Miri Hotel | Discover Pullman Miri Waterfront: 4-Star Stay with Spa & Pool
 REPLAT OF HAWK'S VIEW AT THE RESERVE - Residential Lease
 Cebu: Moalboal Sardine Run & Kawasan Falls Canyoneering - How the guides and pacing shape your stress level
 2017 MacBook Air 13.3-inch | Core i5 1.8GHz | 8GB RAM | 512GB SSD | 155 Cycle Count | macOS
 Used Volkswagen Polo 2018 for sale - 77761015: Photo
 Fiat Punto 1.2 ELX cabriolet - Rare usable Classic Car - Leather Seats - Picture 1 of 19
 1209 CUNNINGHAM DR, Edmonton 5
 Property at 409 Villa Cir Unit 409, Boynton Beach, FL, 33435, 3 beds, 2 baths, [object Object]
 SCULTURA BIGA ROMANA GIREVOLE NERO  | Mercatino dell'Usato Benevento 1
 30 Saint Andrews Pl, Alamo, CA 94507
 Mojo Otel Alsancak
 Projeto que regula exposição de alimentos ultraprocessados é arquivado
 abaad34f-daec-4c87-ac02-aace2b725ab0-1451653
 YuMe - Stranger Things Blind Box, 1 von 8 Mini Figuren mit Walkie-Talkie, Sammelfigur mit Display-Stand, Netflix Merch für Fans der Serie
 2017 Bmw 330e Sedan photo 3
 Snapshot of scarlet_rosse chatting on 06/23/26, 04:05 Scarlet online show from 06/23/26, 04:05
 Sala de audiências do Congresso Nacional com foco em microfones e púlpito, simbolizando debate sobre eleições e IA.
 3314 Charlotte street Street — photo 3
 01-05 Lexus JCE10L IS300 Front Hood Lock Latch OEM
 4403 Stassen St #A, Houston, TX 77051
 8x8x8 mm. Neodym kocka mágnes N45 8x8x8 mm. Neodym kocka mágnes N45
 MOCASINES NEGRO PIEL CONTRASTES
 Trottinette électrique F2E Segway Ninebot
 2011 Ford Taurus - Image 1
#####
**Task brief**
Word for word, reproduce the listing above from its start up to and including the line that has "2017 MacBook Air". Give only those lines.

**Answer to this exercise**
Miri Hotel | Discover Pullman Miri Waterfront: 4-Star Stay with Spa & Pool
 REPLAT OF HAWK'S VIEW AT THE RESERVE - Residential Lease
 Cebu: Moalboal Sardine Run & Kawasan Falls Canyoneering - How the guides and pacing shape your stress level
 2017 MacBook Air 13.3-inch | Core i5 1.8GHz | 8GB RAM | 512GB SSD | 155 Cycle Count | macOS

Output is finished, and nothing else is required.